This is my fourth year at University and this is the first time a teacher has sent a personal email like this giving advice.

Blanket emails and announcements are often ignored by students because they may lack relevance. The Student Relationship Engagement System, or the SRES, was developed from 2012 at the University of Sydney by academics who needed to efficiently scale up personalised pastoral and learning support to cohorts of 1000-2000 students. If you’re a unit coordinator, you can join over 80 of your colleagues from across 20 departments and schools to use the award-winning SRES to personalise bulk interactions with your students.

When I tried the SRES for the first time, I was blown away by the immediate reaction from my students… [they] were really pleased to have been singled out and either offered help or praised for their efforts. This is motivating for both ends of the spectrum… [The SRES] engages students easily and effectively.

What can it do for me?

One example of how emails can be personalised using data within the SRES

The SRES can help you by

  • personalising bulk contact (emails and SMS) to your targeted segments of your student cohort
  • saving time and mistakes associated with data entry and eliminating double-entry
  • making personalised and targeted feedback more efficient
  • giving students nicely-formatted grades and feedback
  • helping to manage large cohorts.
One example of a fully customisable data entry screen
An example of an 'electronic roll' within the SRES
An example of an ‘electronic roll’ within the SRES

Academics from around the University are currently using the SRES in range of ways.

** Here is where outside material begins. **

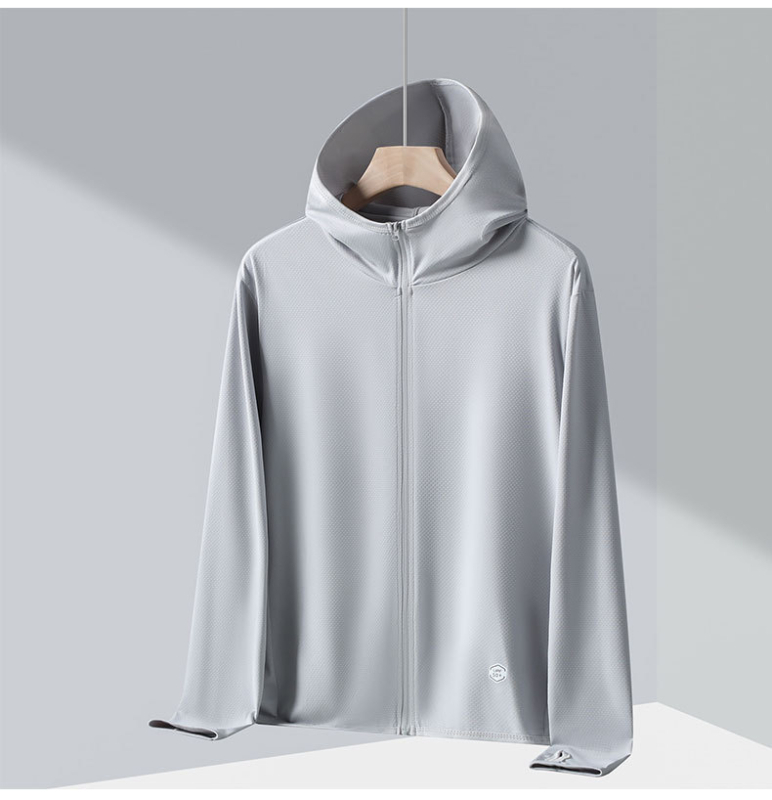 Kaput s kapuljom i UPF50+ zaštitom od sunca, letnja poliester smjesa, zatvarač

  • fast in-class grading and targeted feedback via email
  • providing personalised support based on Turnitin Quickmark usage
  • marking attendance
  • reaching out to struggling students
  • encouraging high performers and providing extra opportunities
  • and more

Here’s what some academics from around the University have to say:

I’ve found the SRES to be a useful motivational tool… I was surprised and gratified by how much students valued our encouragement and recognition… It shows how helpful the SRES is in allowing us to give the kind of personalised attention to students that time wouldn’t otherwise allow.

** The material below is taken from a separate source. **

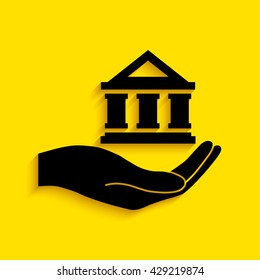 Hand holding bank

With the SRES we have had a reduction in absent fails to none [per year]. Students have also commented that the personalized emails helped make them feel like their work was valued and helped them stay on track. Student engagement has also increased with the number of students completing online activities increasing from approximately 50% to 98%.

How does it work?

An SRES table with sample data on student engagement & performance.
An SRES table with sample data on student engagement & performance.

The SRES is like an online Excel spreadsheet for your class, with students records in rows, and data about students in columns. Just like Excel, you can have as many students, and different data, as you’d like. The SRES helps you import data from various sources, like Blackboard, Turnitin, or other spreadsheets you may have sitting on your computer. Since the data lives within the SRES in the cloud, you can also grant your tutors and other staff access so they can add data (such as report marks, lab grades, tutorial feedback) via a secure web app. Once the data are in the SRES, you can perform powerful actions like mail merge to send targeted emails to students, design web portals so students can see well-formatted and customised feedback via Blackboard, and give tutors relevant data about students they interact with so that they can better tailor support.

How do I get started?

We are planning two sessions before the start of semester 1, 2017 to help people get started and enhance their use of the SRES.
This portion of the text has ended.